Monday, May 28, 2012

Stand & Deliver

I did not know what I'd do once I get there, but at least I knew how to get there. It'd take an hour and 2 train transfers to Shinjuku, and after that, I didn't have much else to go with aside from some flyers--mostly in Japanese. From what little I managed to translate, it had something to do with volunteer work, condoms, and men in green overalls; and I'll be doing that, giving those, and wearing those, too (in that order), a foreigner gone solo in a foreign land.

It started with a misinterpreted invitation while I was looking for an art exhibit, and I consented. I did say I would do brave things once I got to Japan, and diving head-first into civic work in a distant land sounded like perfect auto-bio fodder.

But I was nervous, despite my resolve.

My hands shook a little, while filling up the registration form. Odoriko-kun was briefing me on what it meant to be a "Delivery Boy", at a small table off to the side of a well-lit room filled with colorful books, pamphlets, posters. People would walk in and be warmly greeted by everyone, and they'd sit down together and browse and chat, like old friends meeting in that tree house they built when they were kids.
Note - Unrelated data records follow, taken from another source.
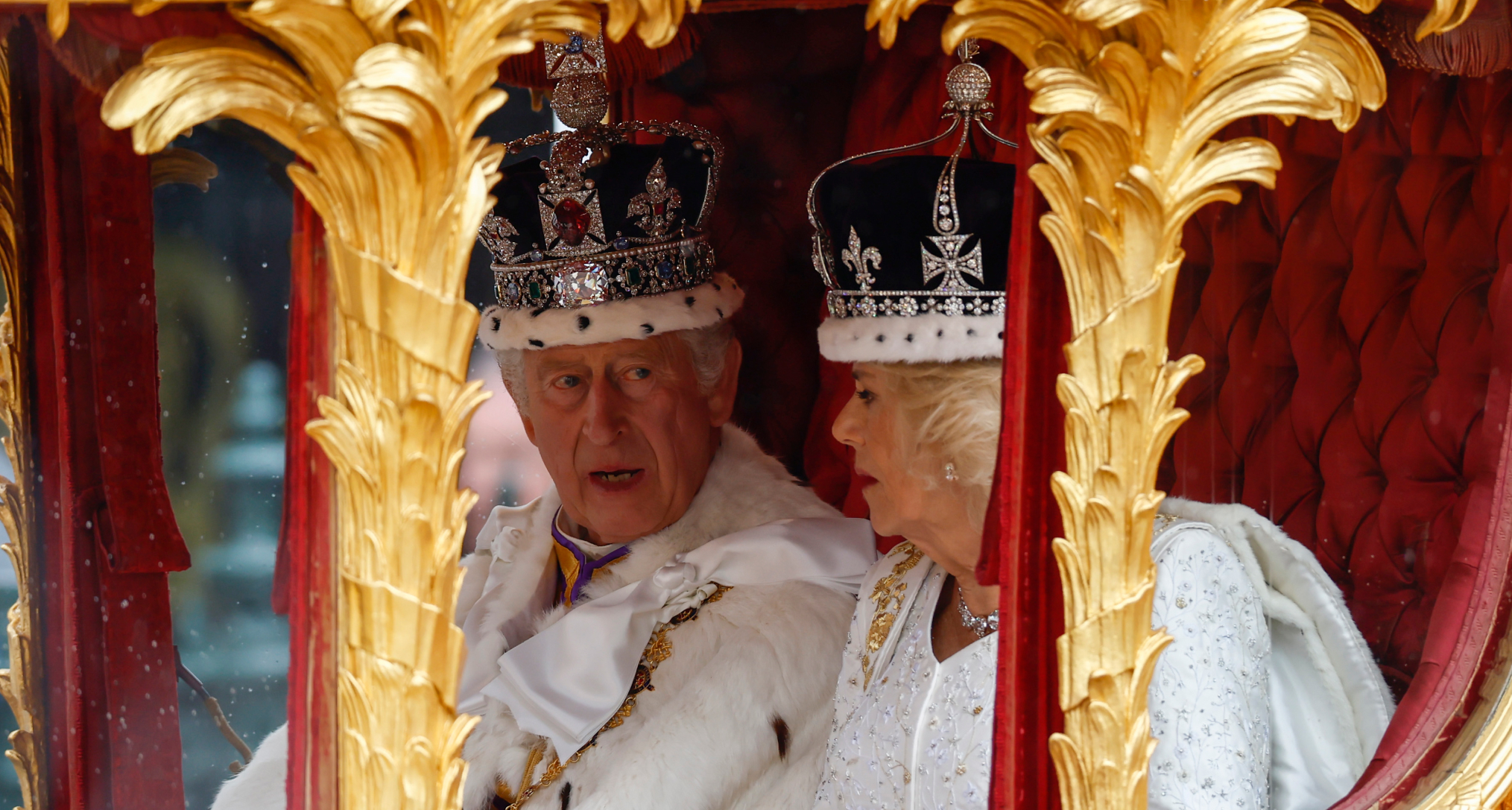 Queen Camilla and King Charles riding in a gold carriage wearing crowns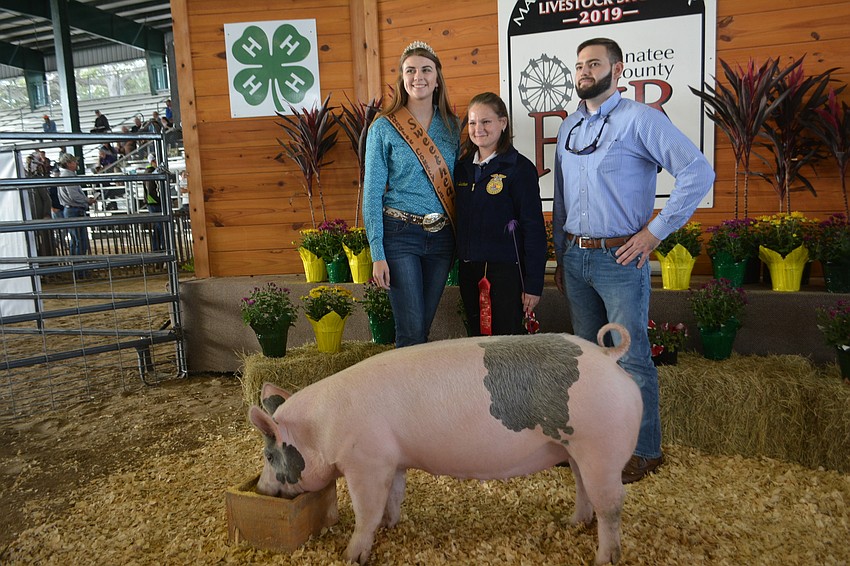 Manatee County Cattlemen Sweetheart Casey Wingate of Myakka City poses with Braden River senior Skyler Buechner, her pig, Noodle, and Eddie Mercurio, a Publix meat manager who bought the pig.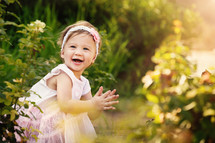 toddler girl outdoors clapping her hands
Despite his best explanations of the prevalence of HIV, the weekly commitment, the large and equally diverse community in Shinjuku Ni-chome, most of the details were gibberish I could only nod my head and utter a vague "aaaah, sou desu ne" to. A moment of silence went by as I faltered with the form, and Odoriku-kun volunteered to write my address down for me. I've got some guts volunteering when I can't seem to help myself, I thought, but pushed on.
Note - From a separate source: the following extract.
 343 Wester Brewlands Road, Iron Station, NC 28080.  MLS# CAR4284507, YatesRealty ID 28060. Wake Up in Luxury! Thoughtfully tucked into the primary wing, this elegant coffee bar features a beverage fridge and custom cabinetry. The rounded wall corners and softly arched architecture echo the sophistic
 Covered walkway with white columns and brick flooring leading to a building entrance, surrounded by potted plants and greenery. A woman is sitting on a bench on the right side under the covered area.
It was still about 8pm then, so we waited a bit for everyone else to arrive after suiting up in overalls of varying shades. I looked like the guys from Ghost-busters, but with a bag full of flyers instead of slime, and condoms for fancy equipment. When I looked up "delivery" in my Japanese dictionary, it apparently had connotations of prostitution. I started to wonder what we'd be doing here.

It was simple, really. And for being the Japanese that they are, wholly made in Japan with all that that entails, meant I had nothing to worry about.

It was systematic: 4 teams of 3 people with 2 carry bags--one for condoms, the other for distributive material--and a clipboard. The clipboard mapped the route (and to each team a different one) of bars to visit and drop off the supplies of contraceptives and materials. At each drop, we were to be all smiles and excessively courteous with our "konbanwa (good evening)", "arigatou gozaimashita (thank you very much)", "yoroshiku onegaishimasu (we appreciate your cooperation)", "shitsurei shimashita (excuse us for intruding)." One of us talked and handed the materials to the owner (or master/mama-san in some bars), one checked and replenished condoms, and the last prepared the flyers for the next stop.

My team had 44 stops, and though that's plenty, we didn't have to walk very far. Shinjuku-ni-chome is known for being the densest LGBT district in the world, so each bar is either a short hop, a trip down the stairwell, or the next turn in the dark alley here. We took about 3 hours to cover everything (the flyers included some explaining), but I hardly noticed the time.

There was so much to see, and there was a feeling of privilege for being allowed to see most of it. Bars here have a concept of exclusivity. Usually accommodating just 4-8 people, these cozy bars bear a theme that caters to a specific clientele, and the owner's relationship with his patrons is almost kinship. Such a system is not quite foreigner friendly, but the beauty of it is that there's a bar for them, too.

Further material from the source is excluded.